* WORK TO BE COMPLETED: Can you print the data exactly and leave out each image?

* DATASET CONTENT:
------------------------------------------------
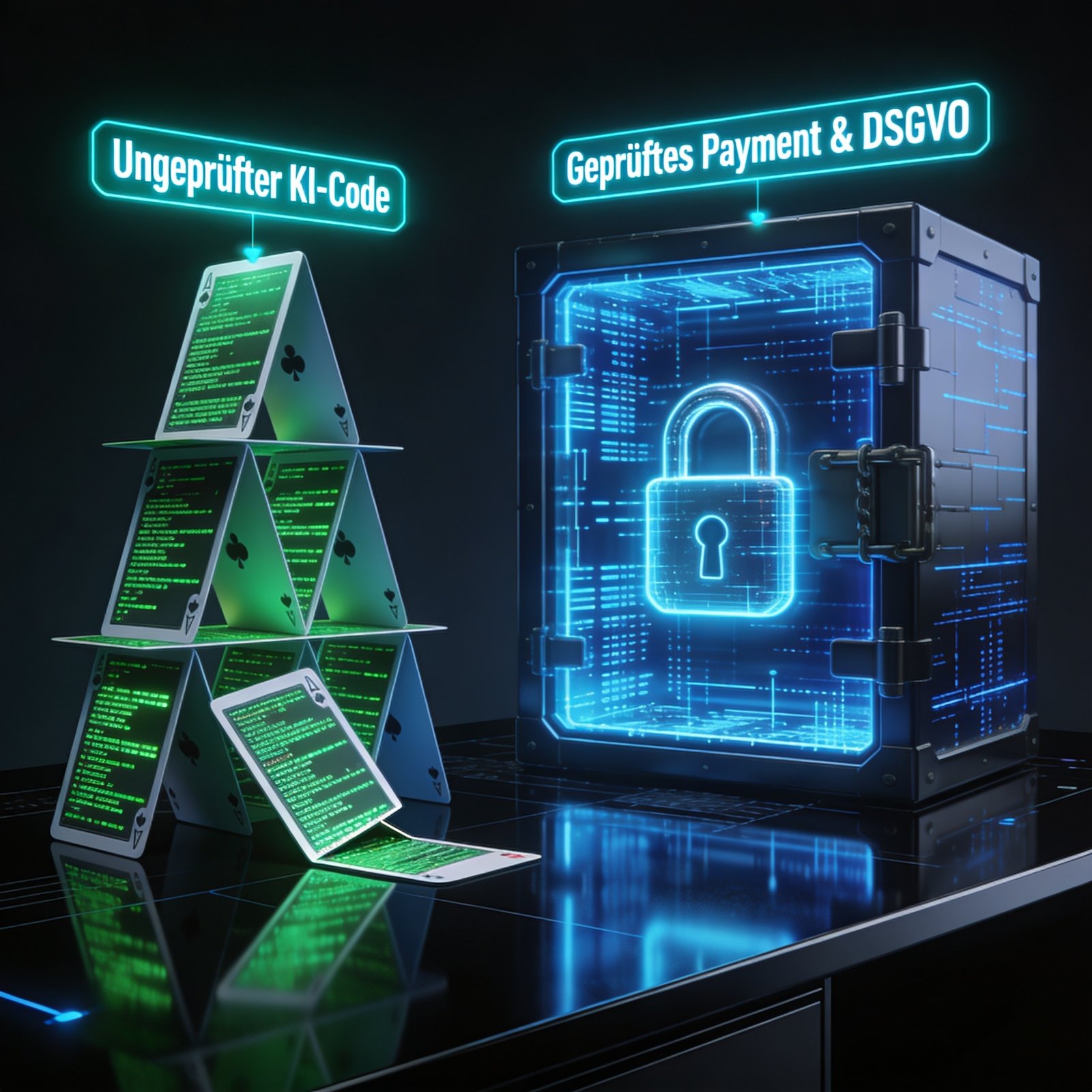Eine digitale Illustration zeigt ein Kartenhaus mit der Aufschrift "Ungeprüfter KI-generierter Code" neben einem Tresor mit "Geprüftes Payment & DSGVO".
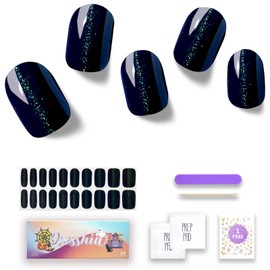 Osesshia Semi Cured Gel Nail Strips, 20 pcs Nail Wraps, Glaze Gel Nail Stickers, Salon Quality French Manicure, Full Decal Gel Polish Strips, Long Lasting SCG, Easy on, UV Required (Midnight Muse)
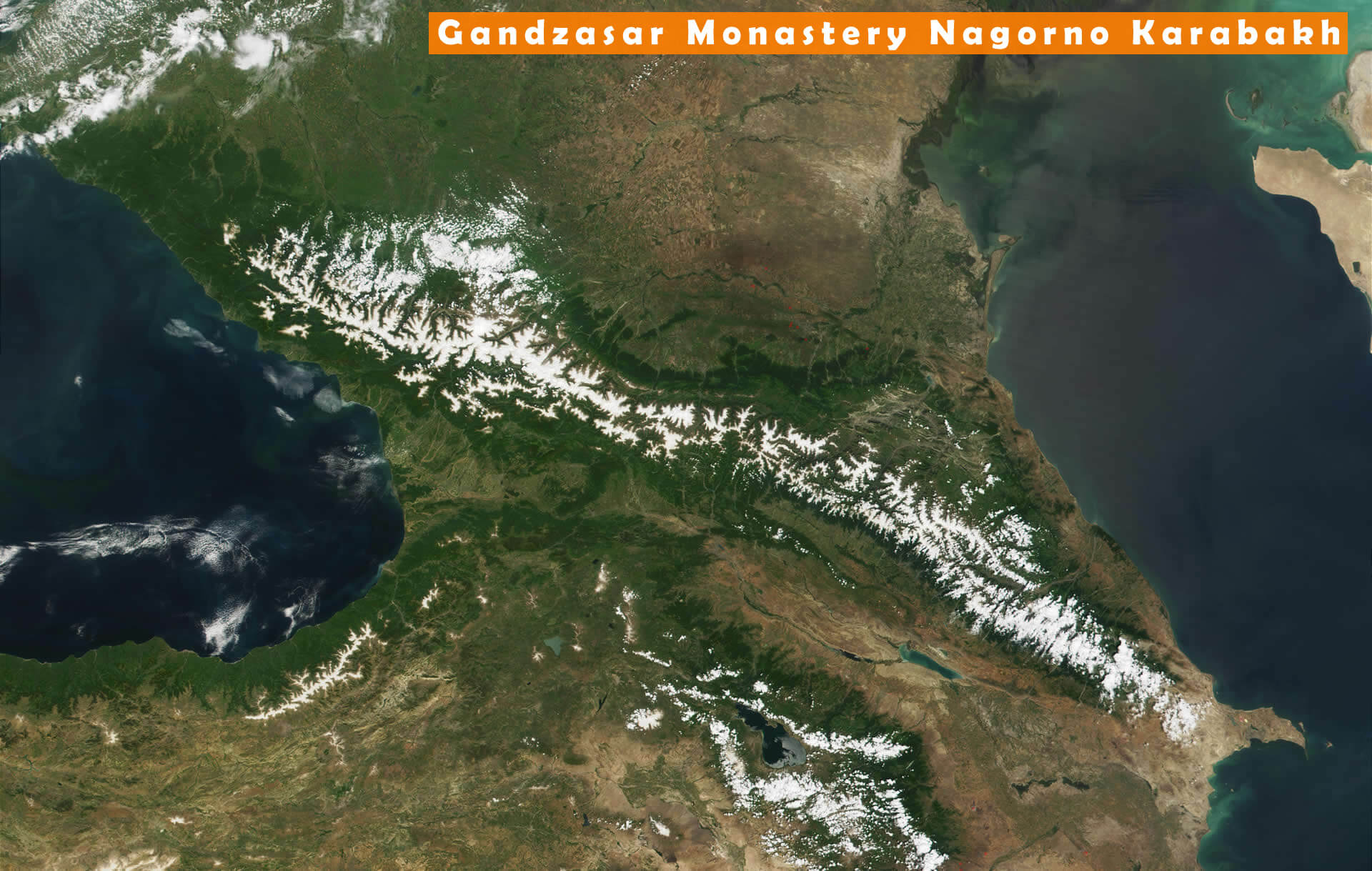 Haut Karabakh Caucase Satellite Carte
------------------------------------------------
* RESPONSE TO THIS EXERCISE:
Eine digitale Illustration zeigt ein Kartenhaus mit der Aufschrift "Ungeprüfter KI-generierter Code" neben einem Tresor mit "Geprüftes Payment & DSGVO".
 Osesshia Semi Cured Gel Nail Strips, 20 pcs Nail Wraps, Glaze Gel Nail Stickers, Salon Quality French Manicure, Full Decal Gel Polish Strips, Long Lasting SCG, Easy on, UV Required (Midnight Muse)
 Haut Karabakh Caucase Satellite Carte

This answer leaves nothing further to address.